8 de septiembre de 2013

¡Nuestro Tesoro!



Evangelio según San Lucas 6,1-5.


Un sábado, en que Jesús atravesaba unos sembrados, sus discípulos arrancaban espigas y, frotándolas entre las manos, las comían.
Algunos fariseos les dijeron: "¿Por qué ustedes hacen lo que no está permitido en sábado?".
Jesús les respondió: "¿Ni siquiera han leído lo que hizo David cuando él y sus compañeros tuvieron hambre,
cómo entró en la Casa de Dios y, tomando los panes de la ofrenda, que sólo pueden comer los sacerdotes, comió él y dio de comer a sus compañeros?".
Después les dijo: "El hijo del hombre es dueño del sábado".


COMENTARIO:

  Este Evangelio de Lucas hace hincapié en la misma enseñanza que observamos en el de ayer, donde Jesús aprovecha la controversia del sábado para manifestar su autoridad y su poder divinos, enseñando el verdadero sentido del descanso sabático.

  Ante todo, el Señor se dirige a nosotros desde este episodio recordándonos que la religión no es un compendio de normas que si las cumples, te salvas; sino el encuentro con Cristo en su Iglesia, a través de los Sacramentos, donde el amor divino se derrama en el corazón humano. Que ser cristiano es haber hallado al Señor en nuestro caminar terreno y, por ello, no estar dispuestos a seguir caminando solos. Es reconocer que somos discípulos del único Maestro, porque Él es en Sí mismo, la propia Sabiduría.

  Estar al lado de Jesús significa transmitir sus palabras y sus hechos, que salvan. Y hacerlo, no porque deseamos ser muy precisos para que los demás adquieran conocimientos, sino porque los amamos con la profundidad del que desea compartir lo mejor que tiene: su fe, que es el tesoro inagotable, causa de nuestra felicidad. Ese es el secreto del que comparte su vida con Dios: el amor. No perderá ocasión de recordárnoslo san Pablo, cuando nos advierte del peligro que entraña cumplir los mandatos divinos, sin haber hallado su sentido. Sin haberlos regado con la virtud imprescindible de la caridad, que debe ser el distintivo de todo buen cristiano. Y cuando uno comprende que no puede unirse al Amor, sin amar, entiende que ante la prescripción de guardar el sábado sin hacer nada, está la necesidad de alimentar a aquellos que pasan hambre.
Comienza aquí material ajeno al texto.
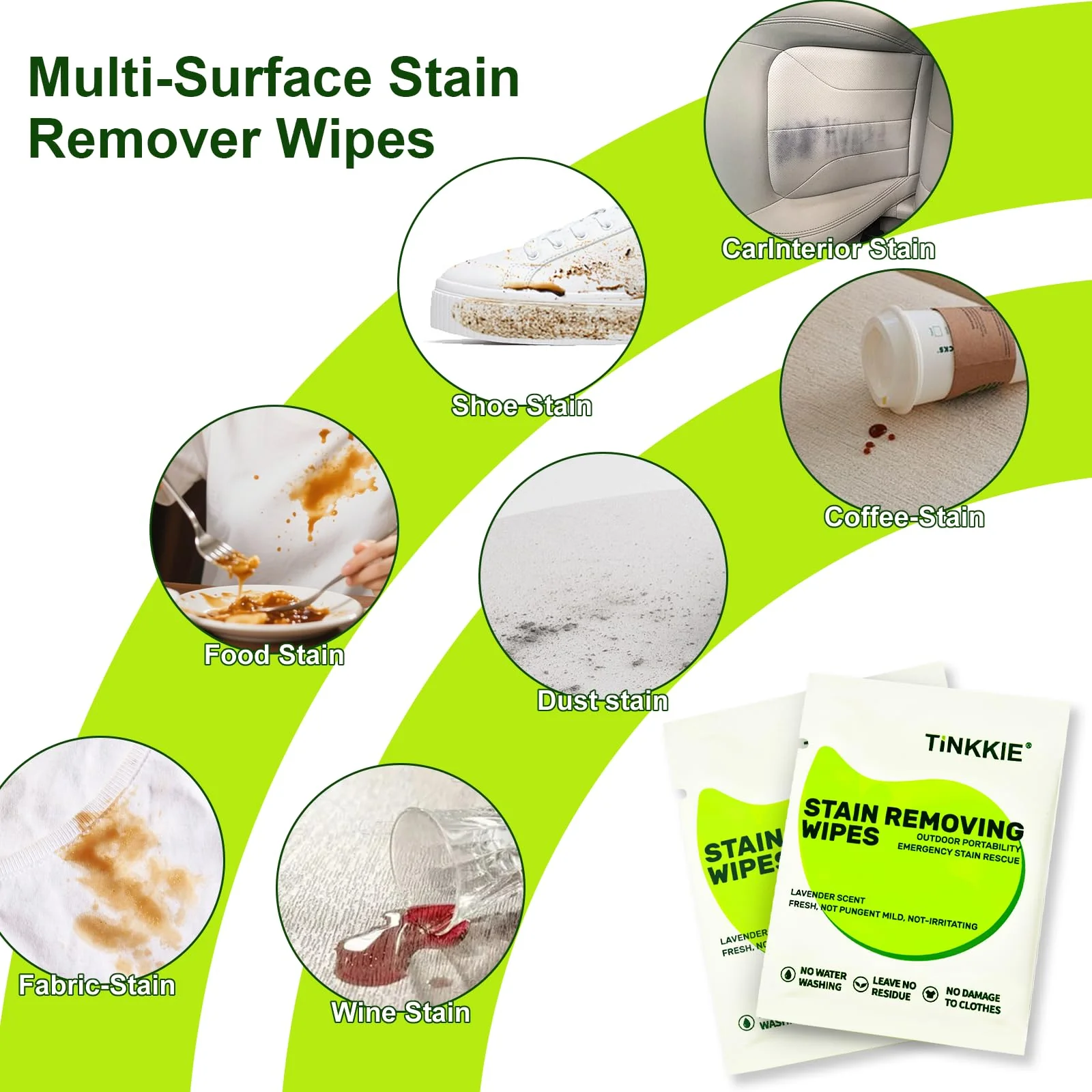 TiNKKiE 200 Pack Stain Remover Wipes for Clothes & Fabric – Instant Clothing Stain Remover for Shoes, Shirts & Jackets, Individually Wrapped Portable Wipes for Travel & On-the-Go Cleaning - Image 7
  Para algunos doctores, todo lo que no  encajaba en el cumplimiento de la Ley, a la que habían vaciado de su verdadero espíritu, debía ser destruido, a pesar de que lo destruido fuera la propia persona. Es por ello que no aceptaron que Jesús les explicara que los preceptos deben ceder a la ley natural, porque esa ley nunca puede estar por encima de las necesidades de la subsistencia. Porque el valor de la persona humana es tan alto, que el propio Dios, para salvarla, se hará hombre y morirá por ella.

  Esos fariseos que increpaban al Hijo de Dios estaban tan ciegos y tan ofuscados en mantener las prescripciones con las que habían gravado la Ley, que eso les impedía observar los prodigios y las acciones sobrenaturales que acompañaban las palabras del Maestro, para testimoniar y manifestar que se hallaban ante la presencia del Mesías prometido por el Antiguo Testamento. Que justamente cumplían, añadían y sofocaban la letra de la Escritura, sin darse cuenta de que la Revelación divina se había hecho carne ante sus ojos. Que sólo los humildes, capaces de abrir su espíritu al Espíritu, hacían posible recibir la Luz del conocimiento y abrir las puertas de su corazón a un Salvador que modificaba sus esquemas.

  Ese era el verdadero problema de aquellos maestros judíos: la soberbia que les impedía aceptar el error que habían cometido en la interpretación de la Ley, que con tanto fervor defendían. No; reconocer todo esto hubiera sido, sin lugar a dudas, replantearse su propia fe y su propia existencia. Hubiera sido terminar con unos privilegios a los que no estaban dispuestos a renunciar; reconociendo que, con el paso del tiempo, habían elaborado un Dios a su propia medida y conveniencia. La cerrazón del espíritu ante lo que les superaba e incomodaba, les impidió abrir su corazón a la Verdad de Dios. Meditemos nosotros en la intimidad de nuestra conciencia, si apartamos al Señor de nuestra vida porque nuestra vida, en realidad, prefiere seguir un legalismo farisaico que a nada compromete y, en cambio, nos da seguridad. No debemos olvidar que Dios nos pide, en nuestro cumplimiento, la entrega de nuestra voluntad a la suya.